Friday, October 29, 2010

Prossesing Black and White Photos

1. A metal or plastic film tank,Three dark plastic containers to hold chemistry, Graduates (used to measure chemicals), A darkroom timer, A can opener and, A room that is totally light proof (not even the slightest sliver of light should be visible)
2.), Developer (see other sidebar), Glacial Acetic Acid (optional, for Stop Bath), Fixer (Kodak Rapid Fixer with Hardener is highly recommended) and, Hypo Eliminator.
3.) Remove the film from the cassette. Load the film onto either a metal or plastic film reel. Place the loaded reel in the film tank ad cover.
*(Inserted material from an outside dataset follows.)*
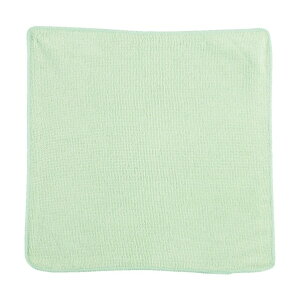 ���o�[���C�h ���o�[���C�h�@�}�C�N���t�@�C�o�[�N���X 200 x 210 x 20 mm 20�_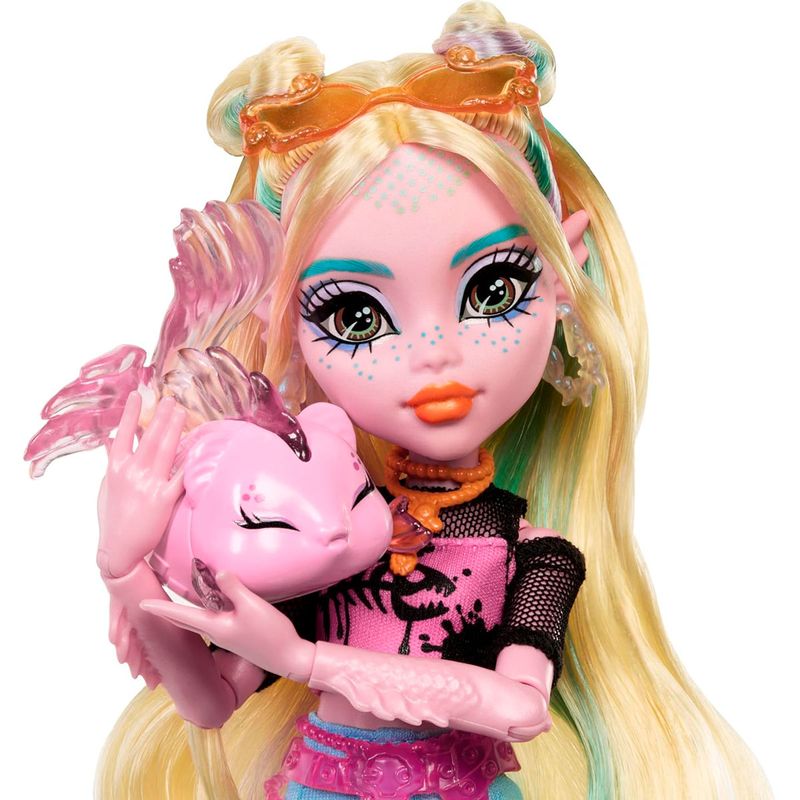 Monster-High-Muñeca-Lagoona-Blue-G3-Core-Refresh_1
Posses film by laying out the chemicals in front of you: a film developer (nickname: soup), a stop bath, and a fixer with hardener, and a hypo eliminator bath. Most film is processed between 65 and 75 degrees. Pour developer into the open part of the sealed film tank. Pour running water into the pour spout for one minute to stop development let the film sit in that for 30 seconds to wash off the developer. Pour in a tankful of Hypo Eliminator (also called Hypo Clearing Agent) and agitate for two minutes. One final wash, for five minutes. In about 1-2 hours, the film will be dry. Use scissors to cut the film into strips six negatives long. Be careful to cut the film in the space between the images.

1. Contact sheet- a contact print, usually of all frames of a developed roll of negative print film, used as a proof print.
2. Enlarger- an apparatus used for making projection prints, having a head for holding, illuminating, and projecting a film negative and a bed for holding a sheet of sensitized printing paper.
3. Developer- a reducing agent or solution for developing a film or the like.